Last week the price of gold rose to $1,100, the highest ever recorded. Gold is still an important measure of the world economy. The theory of the 19th-century gold standard was that gold was “real money” in the same way as landed property was “real estate”. All types of paper money are capable of being created by banks or governments, so the supply is potentially unlimited. It was observed that gold holds its purchasing power over centuries, whereas paper money tends to depreciate towards the value of zero.
Of course, the rise in the gold price reflects the weakness of the dollar as well the strength of gold. I have been writing about the significance of the gold price since the early 1970s. The latest rise in price reflects the significance of gold as part of the world’s monetary reserves.
The immediate cause of the rise was a purchase of 200 tonnes of gold bullion by the Reserve Bank of India from the International Monetary Fund. The Indian purchase is quite large in terms of the gold market, but not particularly large in terms of the Indian reserves. India’s reserves now amount to $277 billion, of which this new purchase of gold amounts to only $6.7 billion.
The significance of the purchase is that it may be the start of a new phase in the struggle between gold and paper. Since 1971, when President Nixon ended the convertibility of the dollar into gold under the Bretton Woods Agreement, the world’s central banks have tended to be net sellers of gold and net buyers of dollars. Now the Indians have decided that they have more dollars than they want.
Already Sri Lanka has followed the Indian lead, with a purchase of five tonnes of gold. If the new fashion spreads, and particularly if it is joined by China, then Asia would have decided that it is better to have gold which is rising in value than an unlimited supply of dollars which are falling in value.
In the 19th century, bankers trusted gold precisely because they did not trust other bankers, or the paper that other bankers issued. They could hold gold in their own vaults; it would not be dependent on other people’s debts or on the printing of paper money. Most central bankers still believe that the purchasing power of money is ultimately determined by the quantity that is created.
Asian bankers know that the West, and particularly the US, has been creating new money in huge and unprecedented quantities. They must assume that this increase in the creation of dollars will result in a fall in the purchasing power of the dollar itself.
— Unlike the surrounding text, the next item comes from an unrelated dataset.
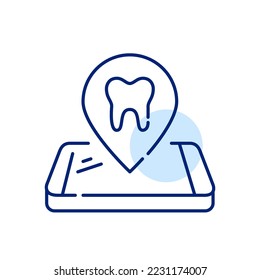 Dental clinic location. Map pointer on isometric smartphone. Pixel perfect, editable stroke line icon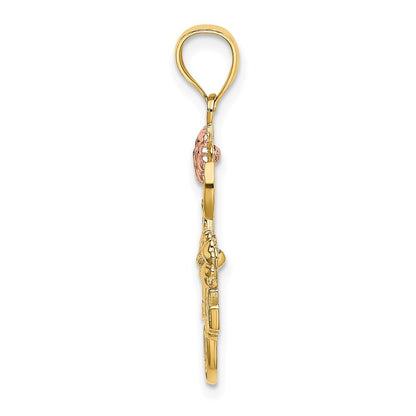 14k Two-tone Gold White Rhodium I LOVE YOU Flowers Charm Pendant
China may or may not join in the movement to buy gold, but the logic of the market would justify it doing so. Why should China go on losing in dollars when the gold price is rising?
This new logic extends outside gold and outside currencies. The real struggle between gold and paper is a struggle for power. If paper money is the dominant form of currency, as it is at present, then the ultimate governors of the world economic system are the bankers who have the power to create money.
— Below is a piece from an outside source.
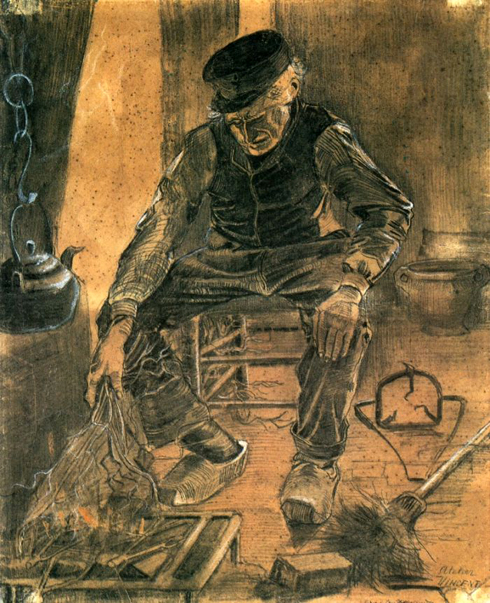 An Old Man Putting Dry Rice on the Hearth: 1881
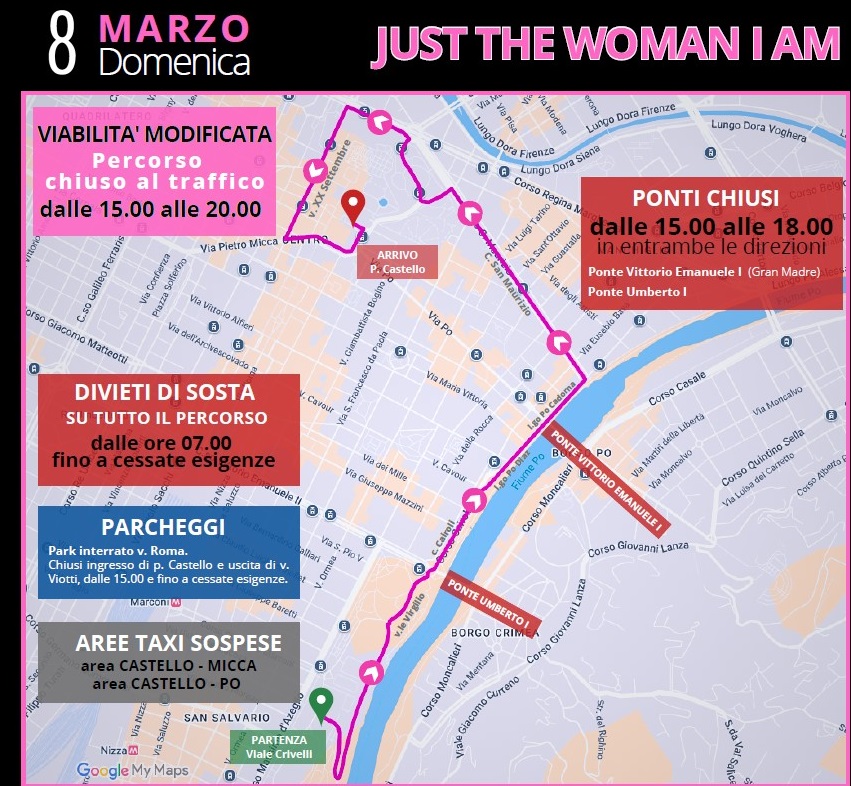 A Torino torna “Just the woman I am” – Ecco il percorso e le modifiche viabili INFO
If, however, gold is regarded as the ultimate standard, as “real money”, then the market decides the valuation. The floating rate system which emerged after 1971 depends on relatively stable relationships between different currencies. If countries develop a preference for gold over paper, then paper currencies will have to demonstrate that they have a stable value in gold, as they did in the years before 1971.
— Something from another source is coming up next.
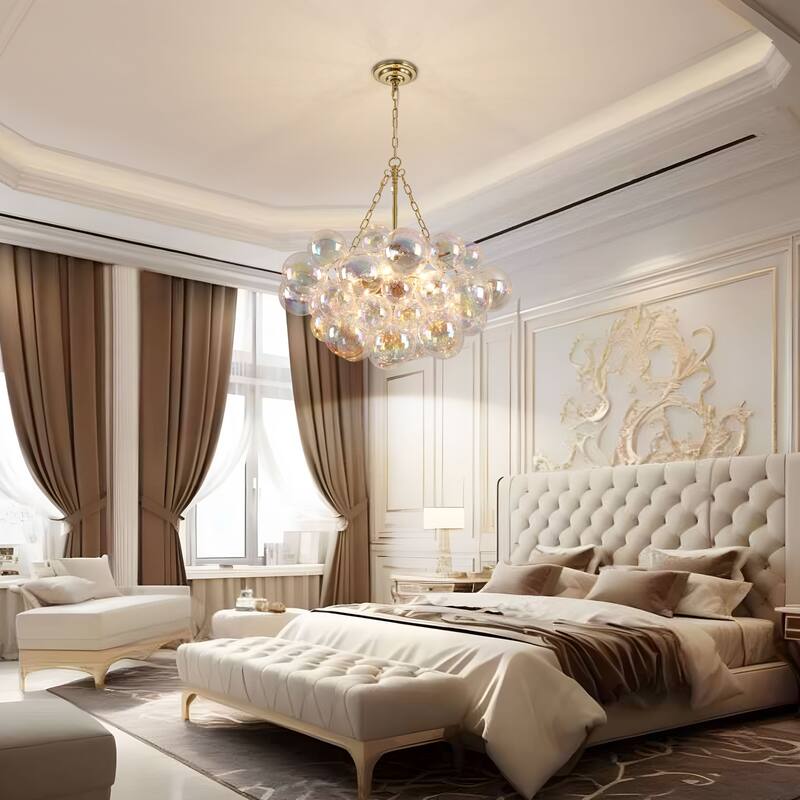 Starsky 6-Light lridescent Bubble Glass Globe chandelier, Hand-Blown Colorful cluster Light, Adjustable Height, Gold or Nickel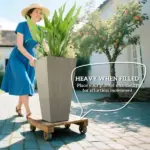 Outsunny Set of 3 28" Tall Plastic Planterswith Drainage Hole, Outdoor Flower Plant Pots, Indoor Planters for Porch Patio and Deck, Gray - Image 4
This may help to explain the strange events that occurred in the G20 finance meeting at St Andrews. In the 1970s, an American economist, James Tobin saw very clearly the speculation that would arise after Nixon ended the convertibility of the dollar into gold. Tobin, who later won a Nobel Prize, knew that gold had been the standard by which other currencies were valued. Once that was removed, he feared a growth of excessive speculation, such as the inflation of the 1970s, or the successive bubbles of recent years. He thought that this speculation could be controlled if it were taxed. He advocated a new transaction tax.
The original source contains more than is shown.